A FAILED asylum seeker convicted of rape and facing deportation is entitled to money from the public purse to travel to see his baby son, the High Court has ruled.

A judge said it seemed to him the jobless Brighton man was entitled to travel expenses for at least fortnightly trips to comply with human rights laws.

The Iranian national who, for legal reasons, can only be identified as MG, won a ruling that the Home Secretary’s refusal to pay up was an “unjustifiable interference” with those rights.

Deputy High Court judge Michael Kent QC, sitting in London, said MG came to the UK in June 2004.

His claim for asylum was refused in September that year and his rights of appeal against that refusal were exhausted in March 2005.

Judge Kent said: “Nevertheless he remained in this country and in September 2009 he was convicted of rape and sentenced to five years imprisonment.”

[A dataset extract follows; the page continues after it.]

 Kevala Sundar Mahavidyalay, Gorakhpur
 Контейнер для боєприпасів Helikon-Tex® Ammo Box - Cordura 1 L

MG was served with notice of deportation after release on licence from prison – but in fact was not deported and came to live in Brighton.

In March 2012 he began a relationship with a British citizen who gave birth to his child.

Their relationship continued until it broke down in January 2015, but in the meantime MG was recalled to prison for a breach of his licence conditions following a conviction for possessing a Class B drug.

His son was born in September 2013, while he was still in prison, and shortly after his former partner moved to live with her parents in Canterbury, Kent.

The judge said MG was again released from prison the following December and went to live with a friend in Brighton.

A fresh asylum claim was refused and a new deportation order issued in October this year.

The judge said the case was about whether the Home Secretary had properly discharged her obligations to him under the Immigration and Asylum Act 1999, and asylum support regulations made under it.

The judge said this brought into play other legislation, including Article 8 of the European Convention on Human Rights, which protects the right of everyone to a private and family life.

Under provisions of the UN Convention on the Rights of the Child, the UK was also obliged to treat “the best interests” of children as a “primary consideration” when making decisions involving asylum seekers.

Allowing MG’s application for judicial review against the denial of travel expenses, the judge said his task was to ensure that “a decision is not left in place which interferes with the claimant’s and his son’s Article 8 rights in a way which cannot be justified”.

His accommodation was some 130 miles from where his former partner and son, referred to as “K”, lived, and a day return fare for the journey of three and three-quarter hours was £13.55.

The judge said it was argued on MG’s behalf that he and his former partner, before and after the breakdown of their own relationship, had both striven to ensure K maintained contact with his father, and the child had responded well to contact when it occurred. Indirect contact, such as through Skype, was no substitute for face-to-face meetings, the judge said.